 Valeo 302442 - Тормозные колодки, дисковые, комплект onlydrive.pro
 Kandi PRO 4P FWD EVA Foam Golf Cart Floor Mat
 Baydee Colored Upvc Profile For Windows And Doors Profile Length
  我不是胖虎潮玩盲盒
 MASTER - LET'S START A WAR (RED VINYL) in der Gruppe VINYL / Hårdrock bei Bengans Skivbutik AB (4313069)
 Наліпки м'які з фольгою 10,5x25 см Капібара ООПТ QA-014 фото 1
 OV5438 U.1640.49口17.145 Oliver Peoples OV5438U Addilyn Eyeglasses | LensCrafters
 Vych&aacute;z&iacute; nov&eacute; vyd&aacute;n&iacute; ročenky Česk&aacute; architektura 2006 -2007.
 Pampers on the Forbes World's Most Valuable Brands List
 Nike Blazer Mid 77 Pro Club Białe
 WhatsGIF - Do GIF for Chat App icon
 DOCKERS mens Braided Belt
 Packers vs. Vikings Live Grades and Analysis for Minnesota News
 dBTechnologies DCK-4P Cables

------

## What to do:
All of the entries should be output exactly as they appear above.

## Result below:
 Valeo 302442 - Тормозные колодки, дисковые, комплект onlydrive.pro
 Kandi PRO 4P FWD EVA Foam Golf Cart Floor Mat
 Baydee Colored Upvc Profile For Windows And Doors Profile Length
  我不是胖虎潮玩盲盒
 MASTER - LET'S START A WAR (RED VINYL) in der Gruppe VINYL / Hårdrock bei Bengans Skivbutik AB (4313069)
 Наліпки м'які з фольгою 10,5x25 см Капібара ООПТ QA-014 фото 1
 OV5438 U.1640.49口17.145 Oliver Peoples OV5438U Addilyn Eyeglasses | LensCrafters
 Vych&aacute;z&iacute; nov&eacute; vyd&aacute;n&iacute; ročenky Česk&aacute; architektura 2006 -2007.
 Pampers on the Forbes World's Most Valuable Brands List
 Nike Blazer Mid 77 Pro Club Białe
 WhatsGIF - Do GIF for Chat App icon
 DOCKERS mens Braided Belt
 Packers vs. Vikings Live Grades and Analysis for Minnesota News
 dBTechnologies DCK-4P Cables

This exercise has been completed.